El caso es que la consolidación de este mapa ha requerido dos fenómenos muy notables. El primero, unos desplazamientos o exterminios de población que han de constar en las páginas más negras de la biografía de nuestra especie. Hoy Polonia o Lituania son étnicamente homogéneas, pero lo son sobre montañas de cadáveres y tragedias sin fin, que aún persiguen las memorias históricas de esos países. (En un congreso académico en Kaunas, hace menos de un año, fui testigo de cómo un ciudadano interrumpía una presentación para protestar por la falta de respeto al Holocausto lituano en un proyecto urbano en Vilna, la capital. Un semiólogo francés con buenos reflejos le hizo ver que ese no era el momento correcto para plantear el tema).
El segundo fenómeno es la Unión Europea. Los nacionalistas, con ayuda del presidente norteamericano Woodrow Wilson (que era historiador), destrozaron los imperios y crearon unas dificilísimas situaciones diplomáticas, que finalmente llevarían a otra gran guerra. El proyecto de federación europea es la solución al problema generado en 1919. Hubiera sido mucho más razonable convertir aquellos imperios en reinos federales de tipo liberal y concertados en diplomacia, al estilo británico. Mucha gente hubiese sobrevivido: hoy Europa tendría tantos habitantes como la India, pero con un nivel de vida y una integración cultural muy superiores.

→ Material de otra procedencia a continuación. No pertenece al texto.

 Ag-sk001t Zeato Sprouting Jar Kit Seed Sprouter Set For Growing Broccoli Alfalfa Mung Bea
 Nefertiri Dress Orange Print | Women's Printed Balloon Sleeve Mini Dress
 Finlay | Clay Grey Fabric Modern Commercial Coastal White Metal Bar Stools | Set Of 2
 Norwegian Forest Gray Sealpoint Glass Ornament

También nuestra España, y esta Cantabria en que fallecía José Estrañi y nacía José Luis Hidalgo, es consecuencia del 1919 nacionalista. Después de haberse retirado de las Cortes los catalanistas en noviembre de 1918, una asamblea liderada por los regionalistas de la Lliga de Francesc Cambó elaboraron en enero un proyecto de estatuto de autonomía para Cataluña. Después lo remitieron al parlamento e intentaron que fuera sometido a un referéndum. El Gobierno liberal de Romanones, aunque no rechazaba la idea de una autonomía catalana, tampoco aceptaba sujetarse al texto de la Mancomunidad. El estallido de problemas sociales graves dejó en punto de muerto la presión que mediante los municipios querían hacer los catalanistas.

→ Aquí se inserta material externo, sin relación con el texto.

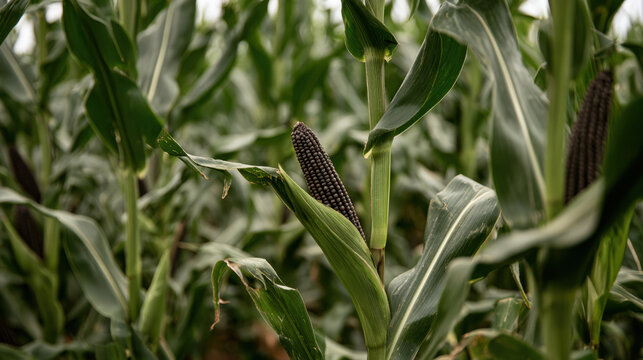 Purple corn growing on tall green maize plants in agricultural field ready for harvest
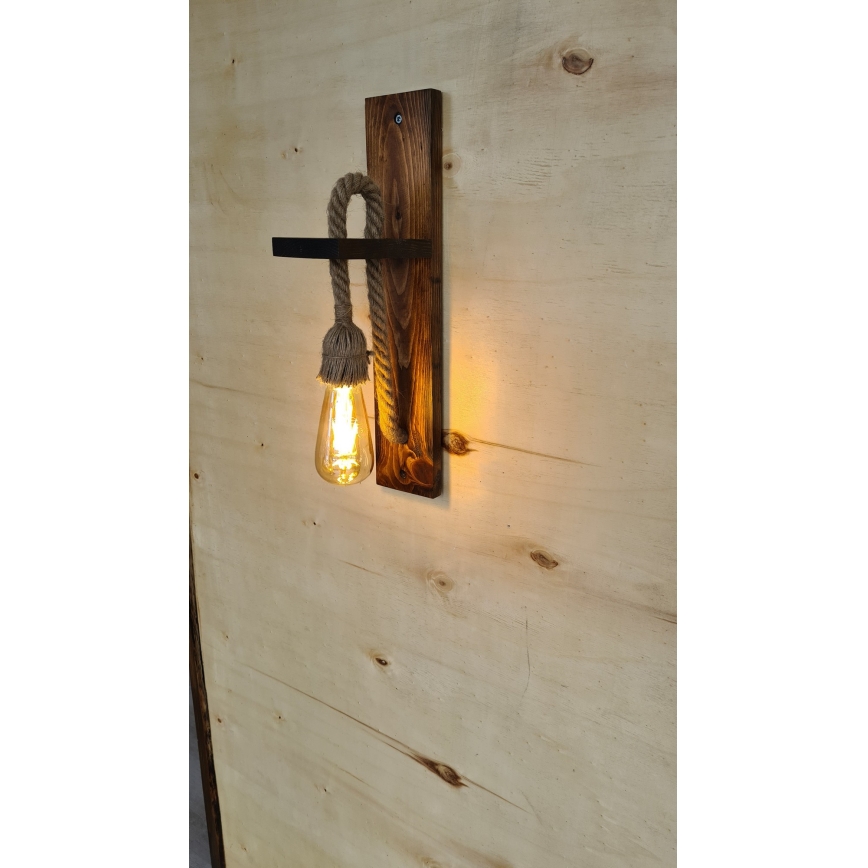 Seinävalaisin AHSAP 1xE27/40W/230V mänty pähkinä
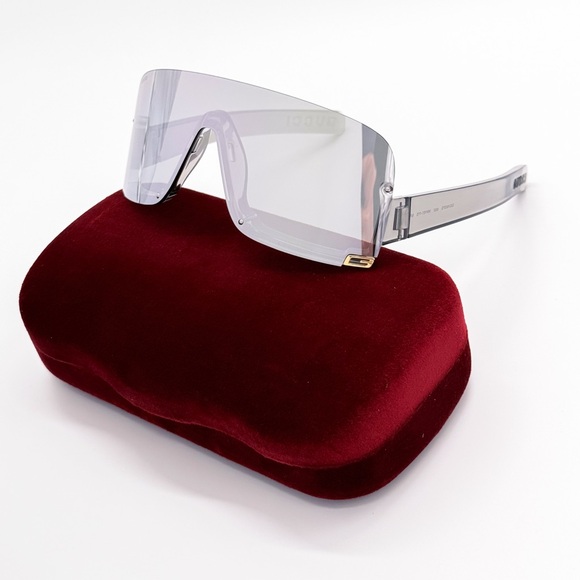 NEW GUCCI GG1637S 002 OVERSIZED SILVER MASK WOMEN SUNGLASSES GUCCI - Picture 2 of 11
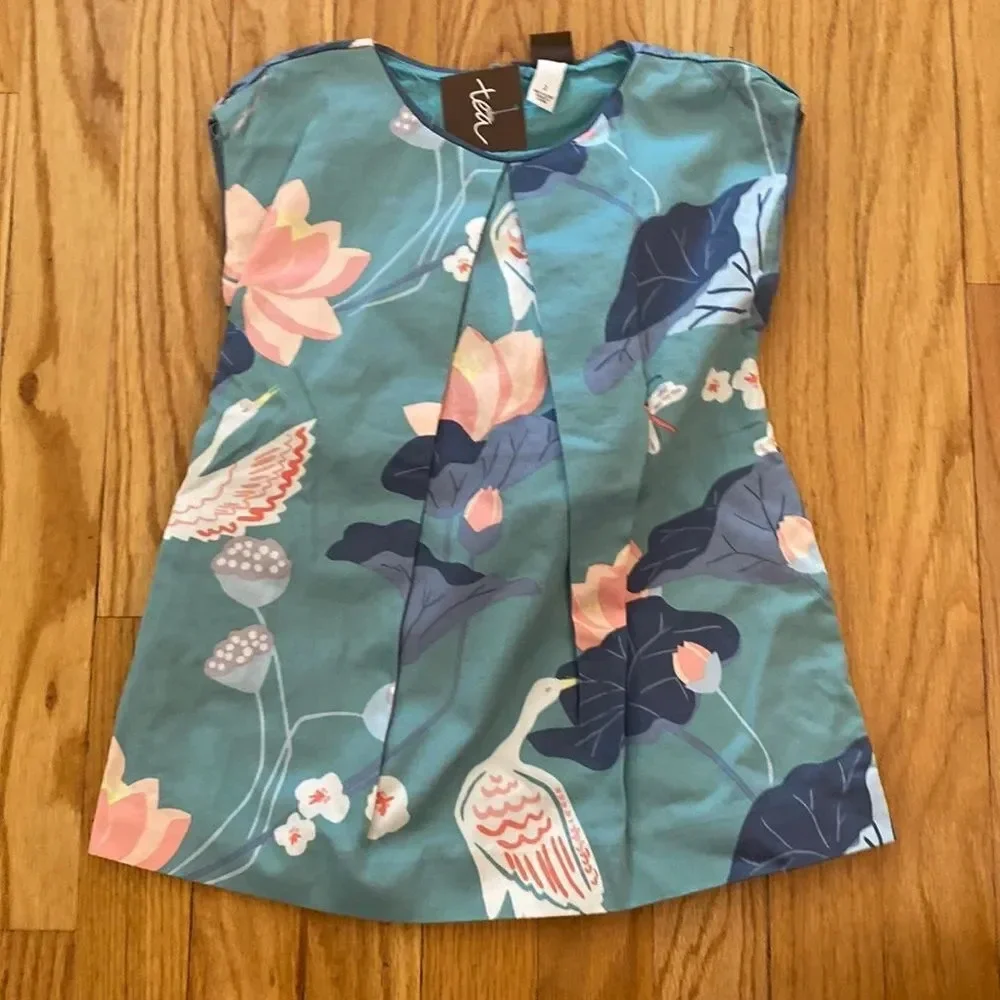 Tea Collection sz 2T blue pink white water lily and crane dress NWT cotton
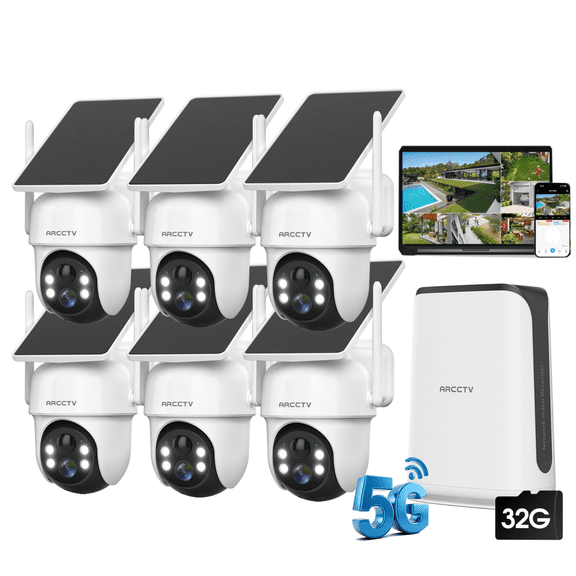 Solar Security Cameras Wireless Outdoor, ARCCTV 2K/4MP Home Security Camera System with NVR No Subscription, 360View Wireless WiFi Camera, 6 Cam-Kit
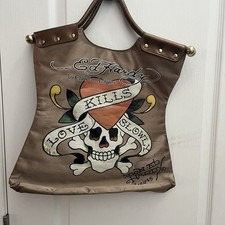 Ed Hardy Tote Bag Kills Love Slowly Big Logo Bag Purse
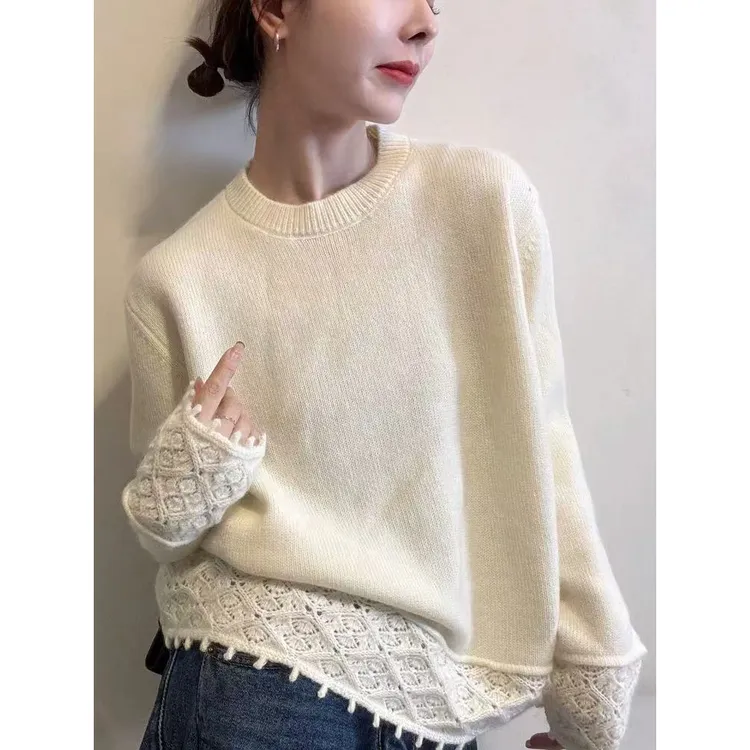 白色针织衫女士秋冬新款高级感减龄宽松显瘦镂空钩花内搭毛衣上衣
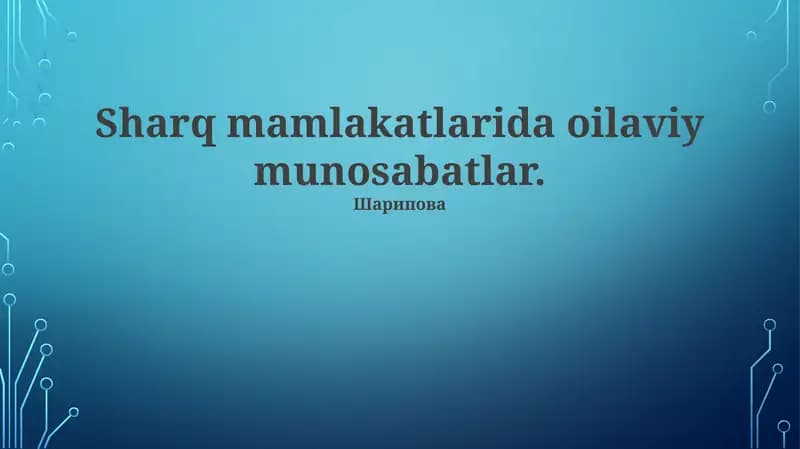 Oilaviy munosabatlar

Es claro que la efervescencia nacionalista en Europa fue aliciente para nacionalismos y regionalismos en España, entre ellos el cántabro. De 1919 data el libro 'Centralismo y regionalismo' del sacerdote Mateo Escagedo Salmón, al año siguiente designado profesor de historia en el Seminario de Corbán. Allí se planteaba la autonomía para la provincia santanderina, desvinculada de Castilla. Hubo hasta una polémica ese año por el intento de algunos castreños de integrar la villa en Vizcaya, vistas las ventajas de foralismo. Y pronunciamientos por una organización regional de la propia Castilla y sobre el papel que Santander tenía que desempeñar en un nuevo mapa económico-administrativo.

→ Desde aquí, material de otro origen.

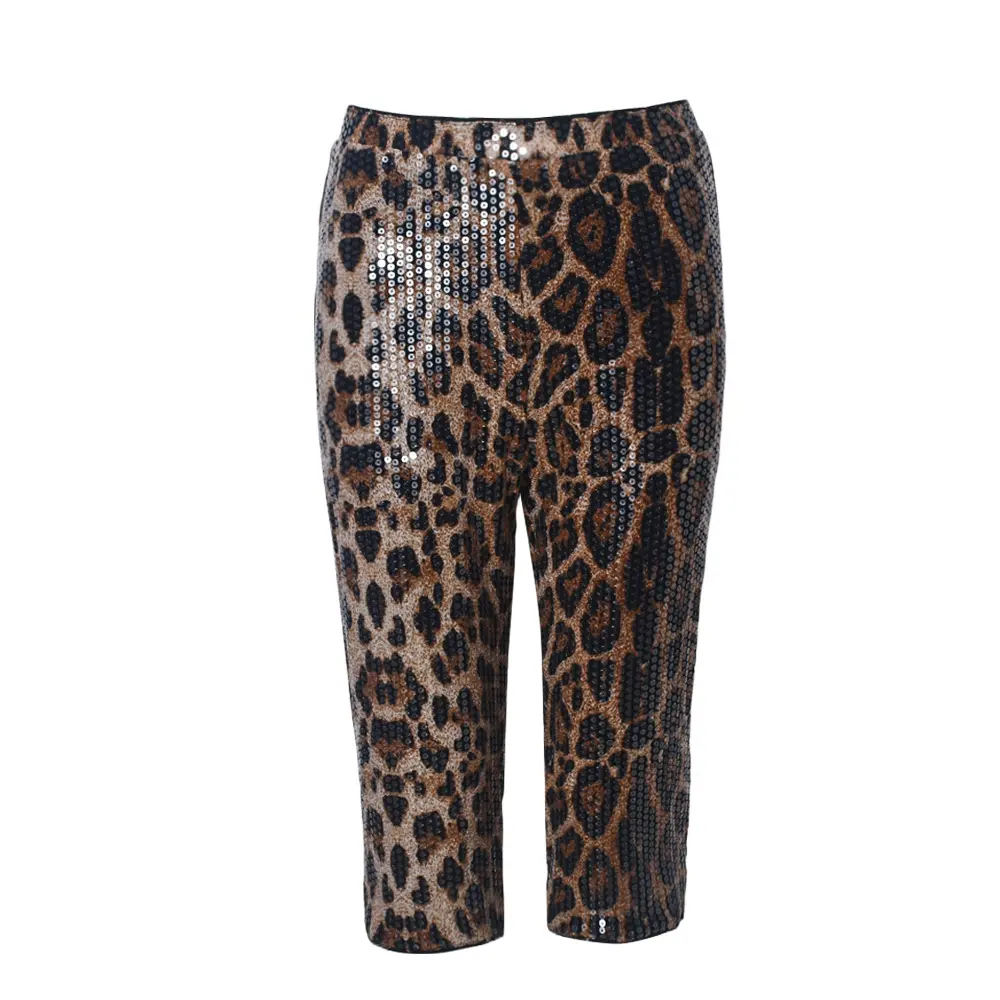 Pant Women Knee Length Pants Leopard Print Slim High Waist Sequin Straight Trousers Y2k Streetwear Elegant Splice Slim Capris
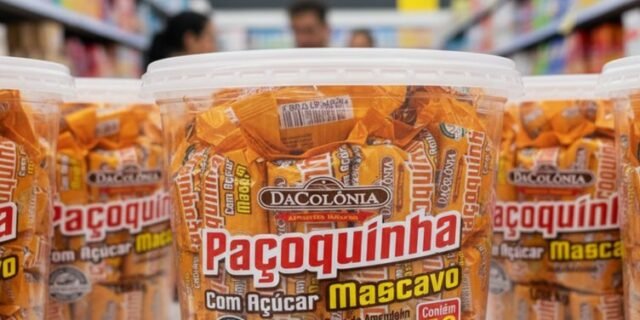 Da Colonia Paçoca Rolha C/ Açucar Mascavo Pote C/56 Und Dacolonia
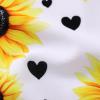 imageYOUNGER TREE Toddler Swimsuit Girl Color Block Stripe OnePiece Swimwear Baby Girl Bathing SuitsSunflower and Heart
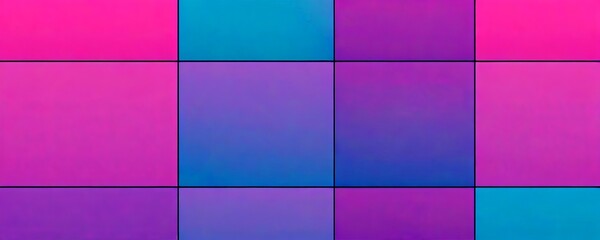 Leinwandbilder - A grid of nine squares, each with a different color: pink, blue, purple, and teal.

En cierto modo, el problema de la 'desimperialización' de Europa en 1919 había sido ya experimentado por España de forma pionera en su etapa postimperial, certificada por la derrota de 1898. Tampoco nosotros supimos resolverlo bien, yéndonos de unos extremos a otros. Nuestro actual estado autonómico es un intento de equilibrar la fiebre diferencial del Novecento con la necesidad de economías de escala en la civilización contemporánea. Llevamos cien años en ese proceso y, como no se ha cerrado, por ese motivo recibimos tantas noticias que parecen un 'déjá vu'.